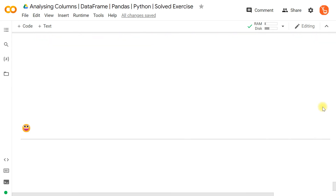If you have any doubts or queries, you can write in the comment box below or attend the live doubt sessions to ask your questions with the faculty.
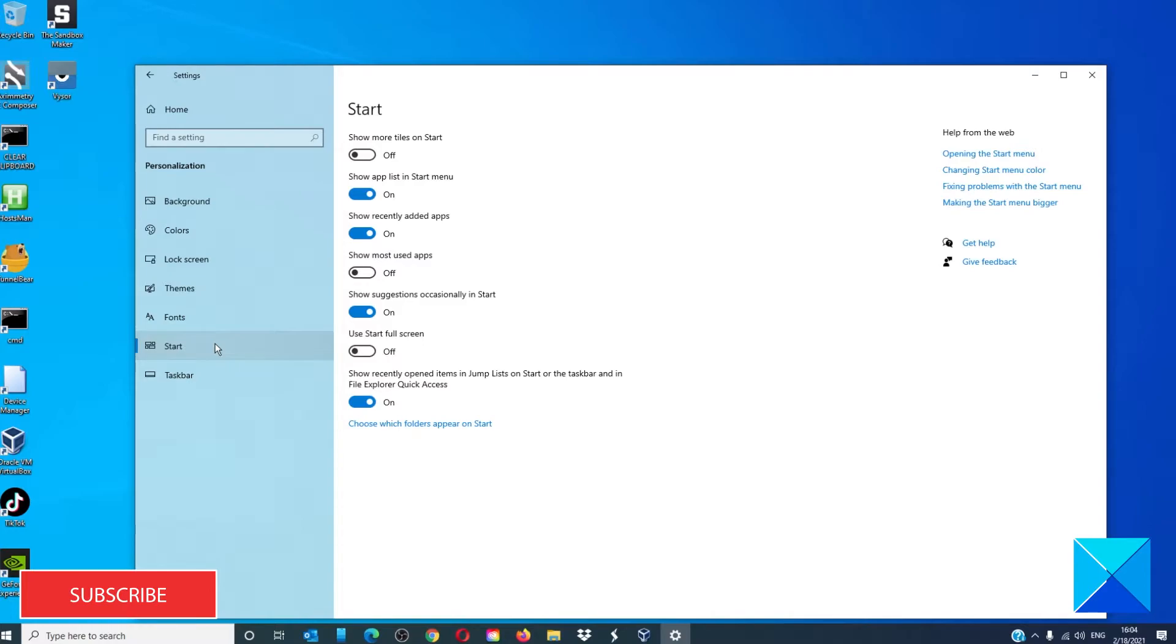On the right side there will be a toggle for Show Suggestions. Turn it off.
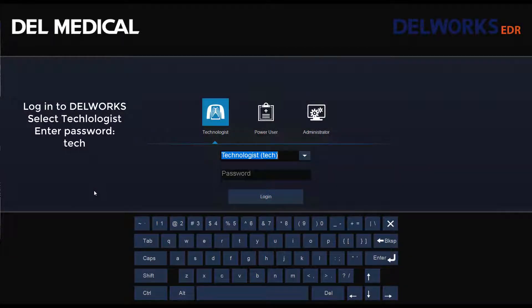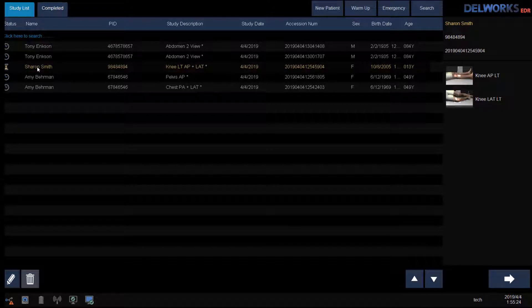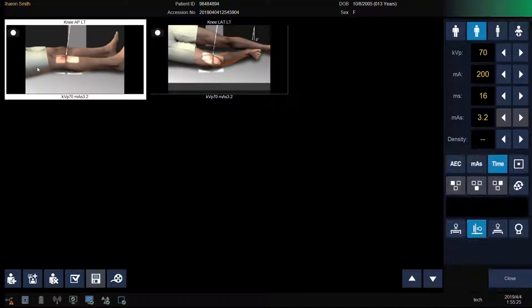First, log into Dellworks. Select Technologist and type in the password 'tech' lowercase. Select your patient by double-clicking on their name. Select the view you want to start with first.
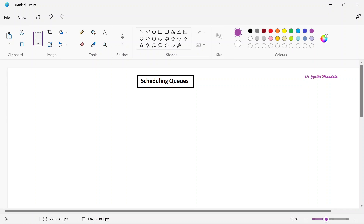Hello everyone, myself Dr. Jyoti Mandela. Welcome you all to the video lecture series on operating systems course. We are learning about process management, which is one type of service provided by the operating system. The operating system provides multiple services like process management, memory management, and disk management. As part of process management, we have learned what a process is, what the process states are, and what a process control block is. Today we will see different types of queues maintained by the scheduling algorithms.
================================
■ PROBLEM REQUIREMENTS ■
Word for word, output the whole listing, but not its pictures.

■ ANSWER TO THE EXERCISE ■
If you have any doubts or queries, you can write in the comment box below or attend the live doubt sessions to ask your questions with the faculty.
On the right side there will be a toggle for Show Suggestions. Turn it off.
First, log into Dellworks. Select Technologist and type in the password 'tech' lowercase. Select your patient by double-clicking on their name. Select the view you want to start with first.
Hello everyone, myself Dr. Jyoti Mandela. Welcome you all to the video lecture series on operating systems course. We are learning about process management, which is one type of service provided by the operating system. The operating system provides multiple services like process management, memory management, and disk management. As part of process management, we have learned what a process is, what the process states are, and what a process control block is. Today we will see different types of queues maintained by the scheduling algorithms.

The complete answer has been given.